Relieving the pain of parasitic extraction
The future is here: phone, web browser, email, photo and video, all in one device at your finger tips, simultaneously. The evolution of IC design is in part driven by the demand for more memory with higher performance. Advanced process technologies enable more functionality, higher performance, and portability in chip design through smaller device sizes (Figure 1). These innovations pose interesting design challenges, which include new parasitic extraction issues that are affecting nanometer memory designs.
Figure 1: Minimum device feature size trends.
Embedded memories already dominate most of an SoC’s die area. The ITRS roadmap  predicts that memory functions—the number of bits on a single chip—will double every two years. Performance is the key requirement for leading-edge memory design. Memories must meet exacting specifications for fast data transfer and low power consumption.
Areas of concern for memory design at nanometer nodes include storage capacitance with reduced feature size, low resistance for bit and word lines to ensure desired speed, improved bit density, and lower production cost . Higher densities increase the interactions between interconnect lines, as well as those between interconnects and devices.

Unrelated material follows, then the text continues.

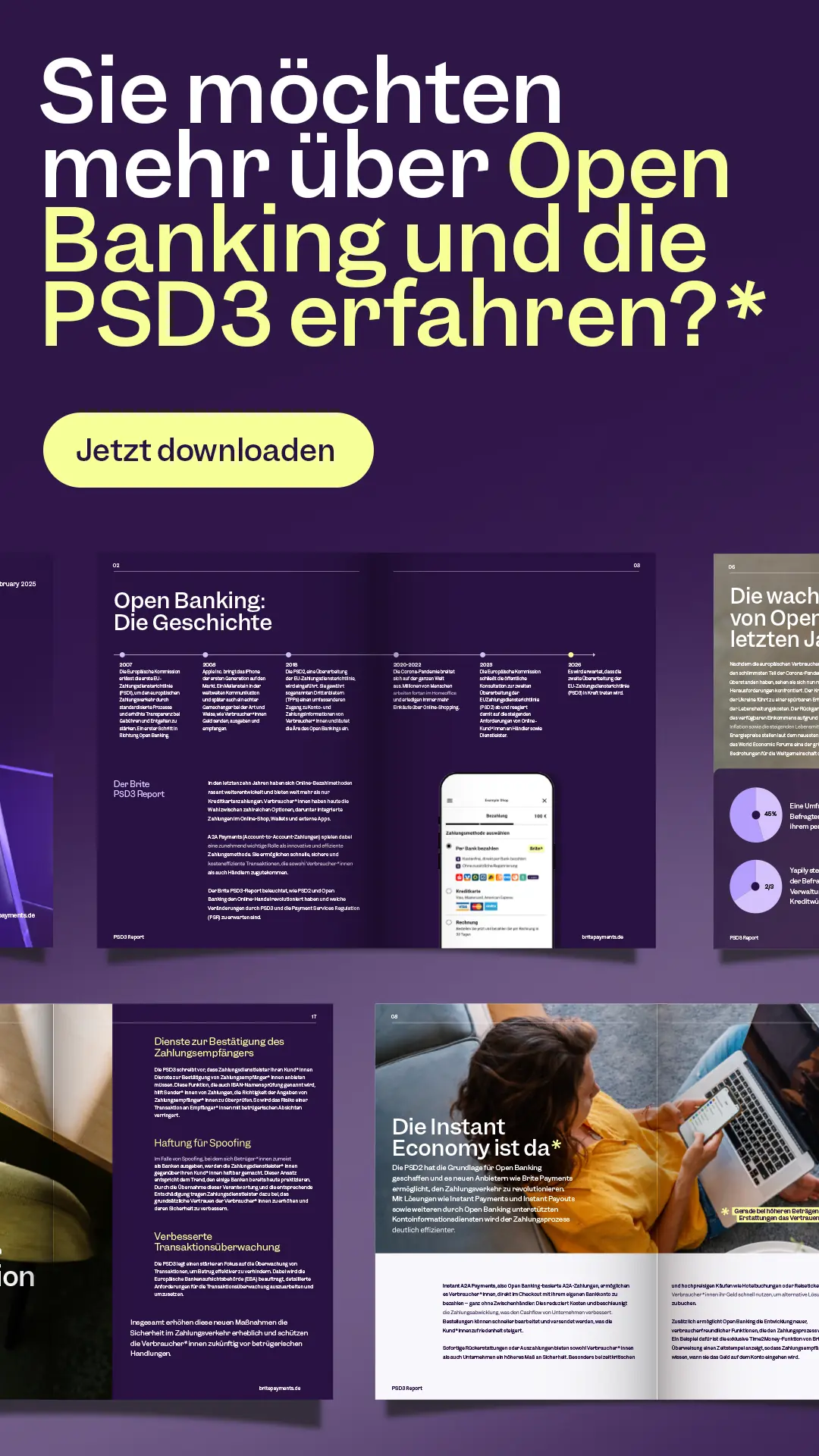 Wie die PSD3 die Zukunft des Payment-Sektors verändern wird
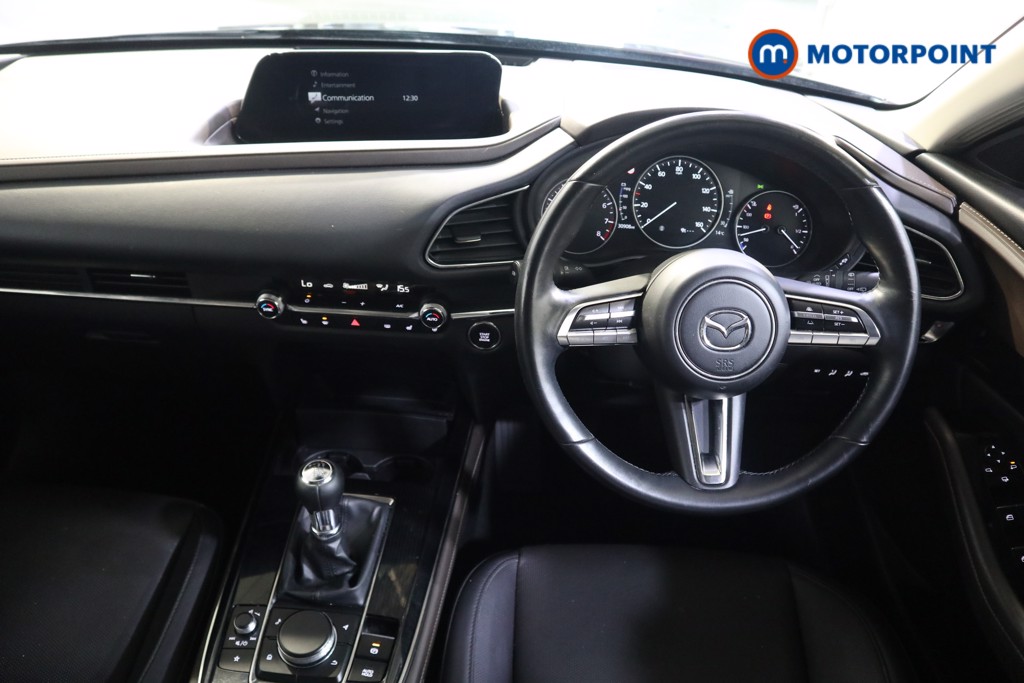 Mazda Cx-30 Gt Sport Manual Petrol-Electric Hybrid SUV - Stock Number (1545326) - 1st supplementary image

New device and interconnect design techniques used at 28nm introduce more complex coupling effects that are difficult to extract accurately. Geometries are becoming more three dimensional in structure, and circuits are more sensitive to 3D parasitic effects.
Transistor-level simulation including very accurate parasitic effects is critical to the memory design process to help designers converge on an optimal design that has a high certainty of meeting targeted specifications, without costly overdesign.
More accurate solutions are required that do not increase cycle time and that fit into existing design flows. New 3D parasitic extraction technology delivers attofarad accuracy as well as high performance and capacity, at all stages of memory design, from bit cell design to full chip sign-off, ensuring a robust design that will work to specification when it is manufactured.
Limitations of current parasitic extraction technologies for memory
Traditional parasitic extraction solutions reliably model interconnect parasitics, but design closure is getting more difficult at advanced nodes because of new process effects and variability that affect functionality, performance, and reliability. Some of the parasitic modeling challenges in advanced silicon processes include:
• Local interconnect
• Multi-bias vias
• Diffusion resistance
• Elevated source/drain
• SOI support
• TSV-based 3D-IC verification.
Rule-based extractors are able to extract multimillion net designs, but they rely on heuristic models and are inherently limited in accuracy—up to 10% error for total capacitance and as much as 15% or more for coupling capacitance at 45nm. These errors can account for 5–10% error in simulation results. Designers have been compensating for these limitations by using larger guard bands for timing and signal integrity, aware that such overdesign tends to negatively affect chip performance and die-size.
Until now, field solvers were restricted to cell characterization or selected net extraction. By the nature of their algorithms, they are not capable of delivering the performance or capacity needed for anything larger than a few geometries or nets. This makes them completely unsuitable for extraction of real designs.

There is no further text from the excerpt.